Postmodernism a tendency in contemporary culture characterized by rejection of objective truth. Emphasizes roles of language, power relations, and motivations; attacks use of sharp classifications such as white versus black. Postmodernist thought is an intentional departure from modernist approaches previously dominant. Term "postmodernism" comes from its critique of the "modernist" scientific mentality of objectivity and progress associated with the Enlightenment.

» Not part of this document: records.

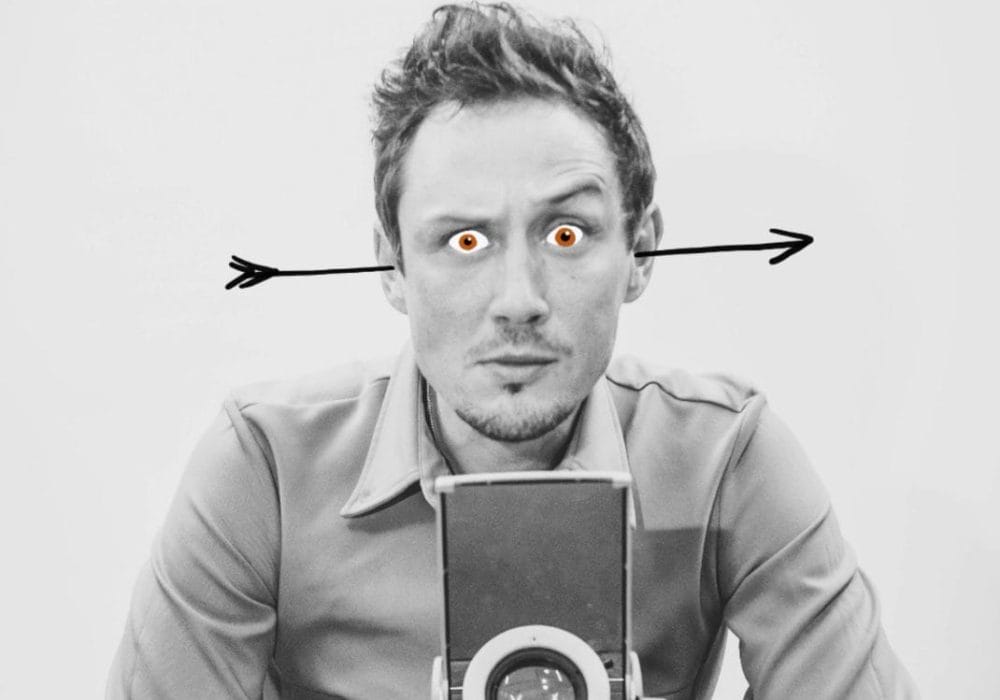 A black & white image of Scott Turnbull stood behind an overhead projector. He has an arrow through his ears and red cartoon eyes.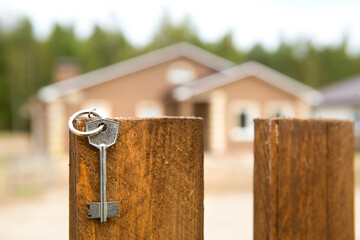 The key to the house is hanging on the fence. Background of cottage. Dream of home, building, design, delivery of the project, moving to new house, mortgage, rent and purchase real estate. Copy space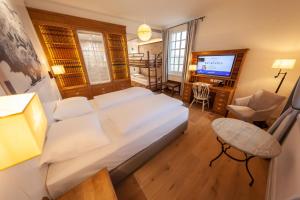 Et tv og/eller underholdning på 4-Sterne Superior Erlebnishotel Krønasår, Europa-Park Erlebnis-Resort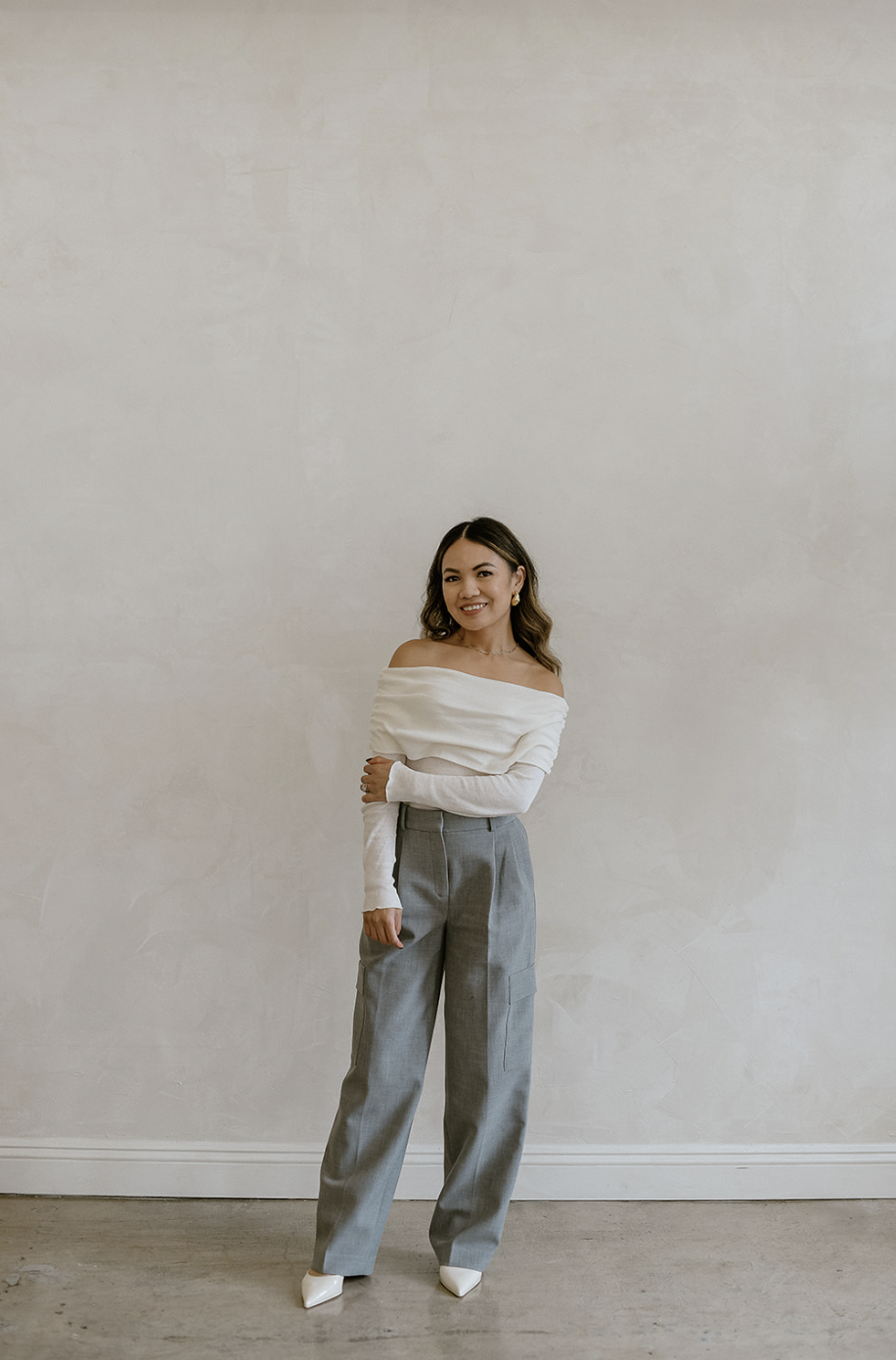 Geometric drawing of an outline square with sections divided by vertical, horizontal, and diagonal lines.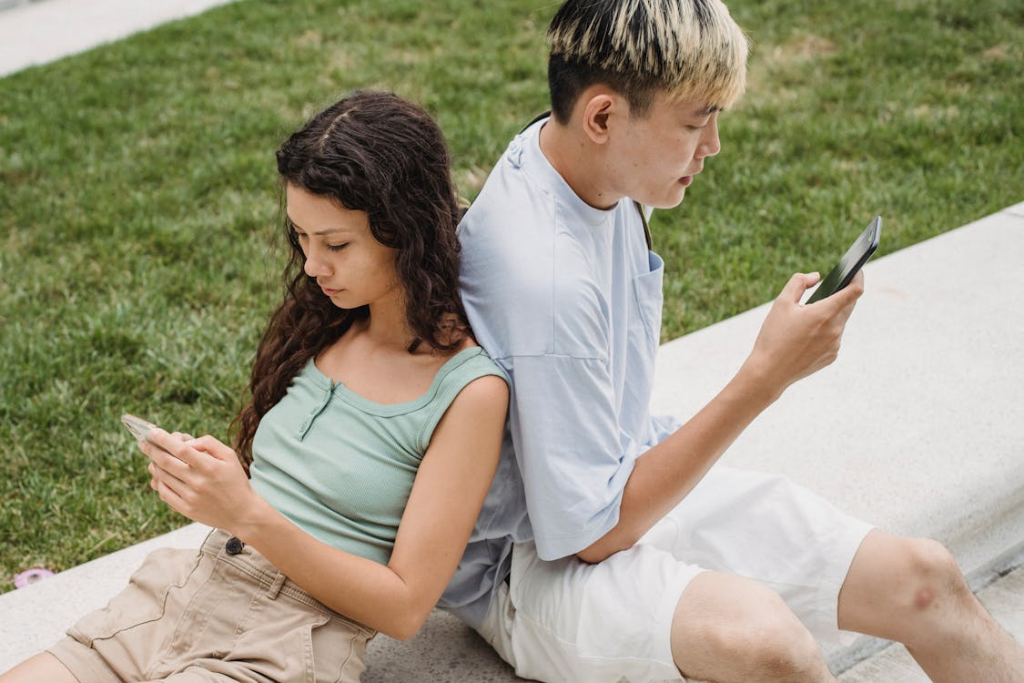 Couple browsing internet on smartphones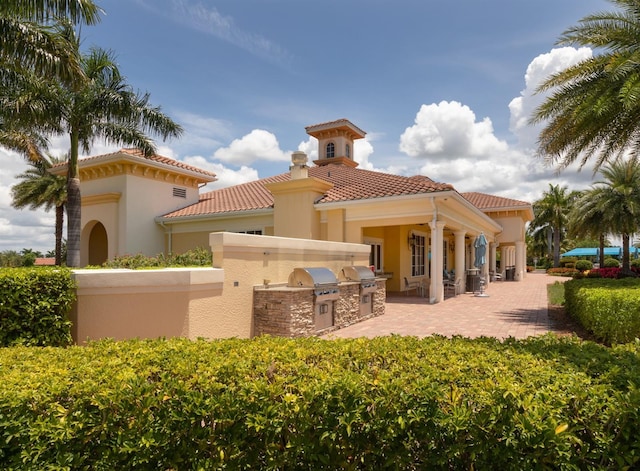 rear view of house with a patio area and exterior kitchen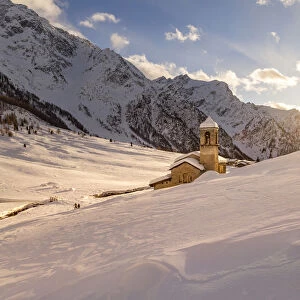 Alpine church of San Bernardo at sunset light in a mountain valley during winter season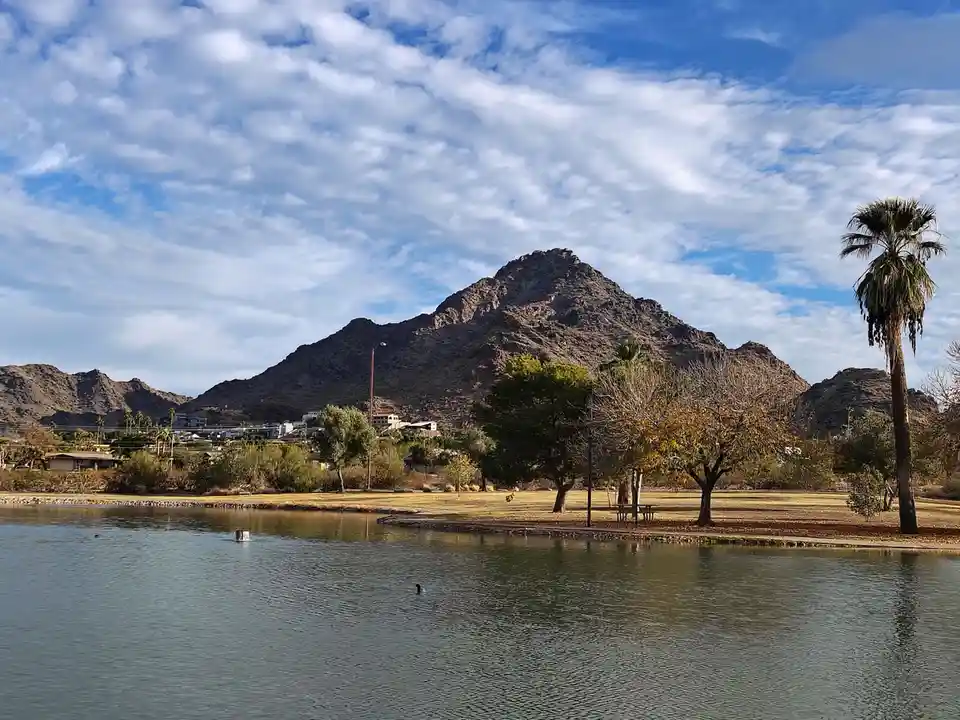 A scenic photo of a calm lake with a large rocky mountain in the background under a partly cloudy sky. A tall palm tree…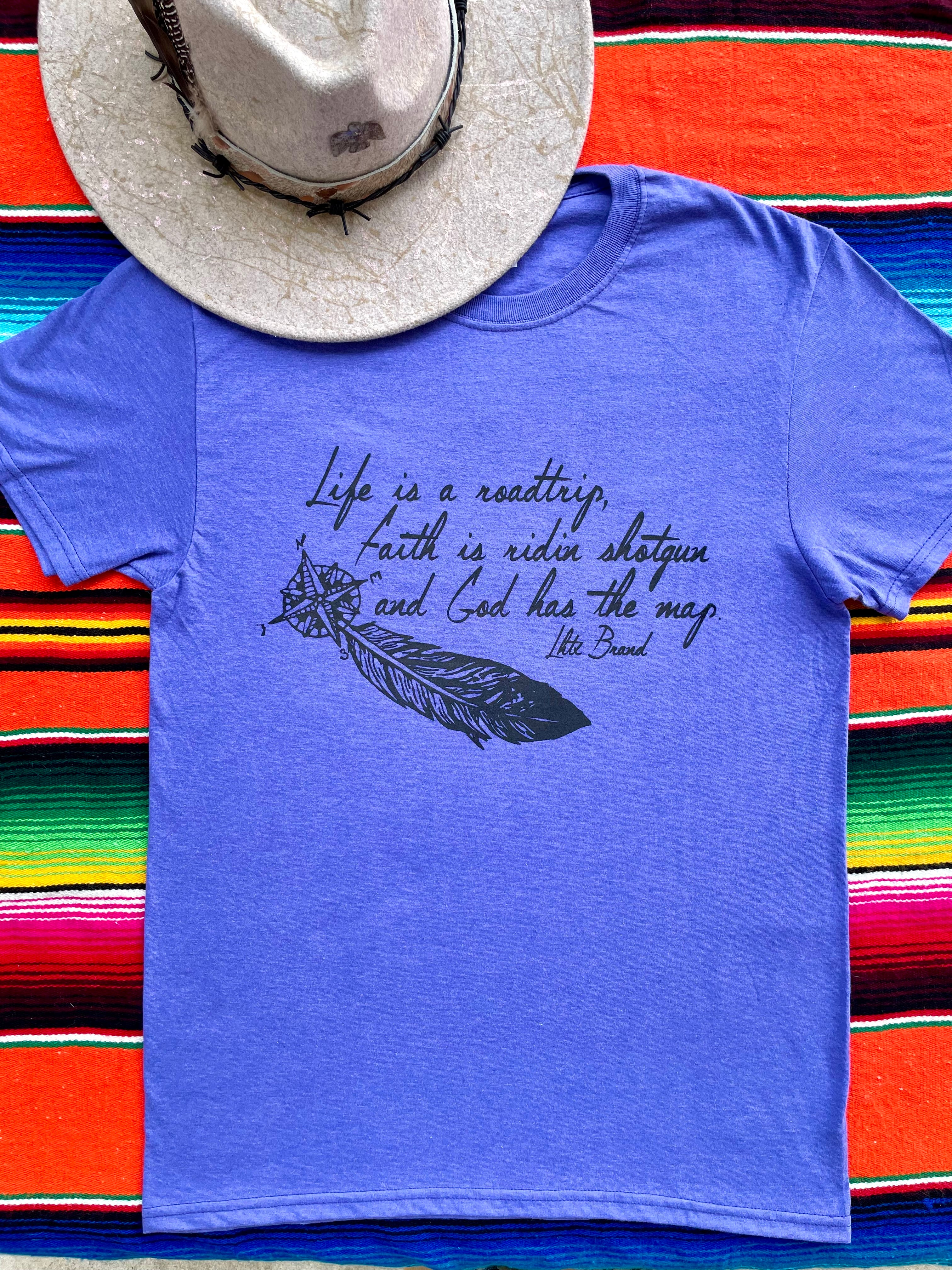 Blue t-shirt with text and feather graphic on a colorful striped background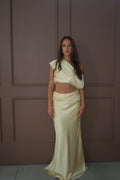 A woman modeling a pale cream satin two-piece outfit consisting of an asymmetrical draped crop top and a matching draped maxi skirt, standing against a brown paneled wall. - @sarahmadden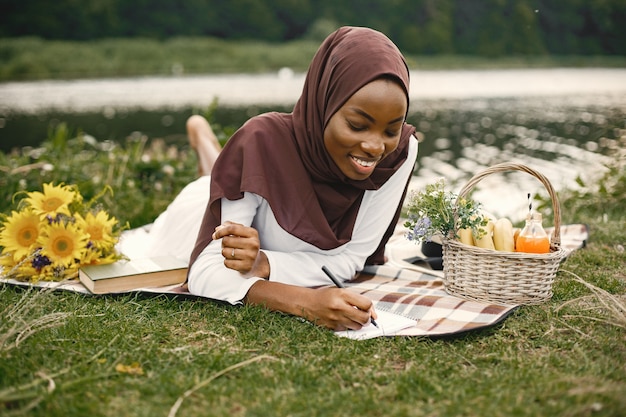 Porträt einer muslimischen Frau lag auf der karierten Picknickdecke in der Nähe des Flusses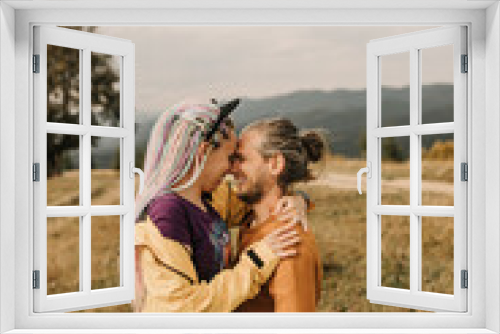 couple in love enjoying each other and walking in the mountains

Modernism and postmodernism are understood as cultural projects."Postmodernism" in critical theory refers to a point of departure for works of literature, …, and design, as well as in marketing and business and in the interpretation of law, culture, and religion. Indeed, postmodernism … can be understood as a reaction to modernism…. Whereas modernism was primarily concerned with principles such as identity, unity, authority, and certainty, postmodernism is often associated with difference, plurality, textuality, and skepticism. Four worldviews are the Postmodern-ironist, which sees truth as socially constructed; the scientific-rational, in which truth is found through methodical, disciplined inquiry; the social-traditional, in which truth is found in the heritage of American and Western civilization; and the neo-romantic, in which truth is found through attaining harmony with nature and/or spiritual exploration of the inner self.